# Task item
A line qualifies if it holds the string "Painted". Copy every qualifying line from the records.

# Data records
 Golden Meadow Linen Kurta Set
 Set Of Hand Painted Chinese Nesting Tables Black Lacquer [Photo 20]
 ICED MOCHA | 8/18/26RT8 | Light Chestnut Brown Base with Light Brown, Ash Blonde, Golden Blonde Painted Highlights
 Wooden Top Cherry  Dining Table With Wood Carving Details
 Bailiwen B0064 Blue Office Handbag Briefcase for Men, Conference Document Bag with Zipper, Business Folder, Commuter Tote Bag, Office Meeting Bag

==

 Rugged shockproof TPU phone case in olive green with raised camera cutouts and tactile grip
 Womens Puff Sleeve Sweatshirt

# Problem solution
 Set Of Hand Painted Chinese Nesting Tables Black Lacquer [Photo 20]
 ICED MOCHA | 8/18/26RT8 | Light Chestnut Brown Base with Light Brown, Ash Blonde, Golden Blonde Painted Highlights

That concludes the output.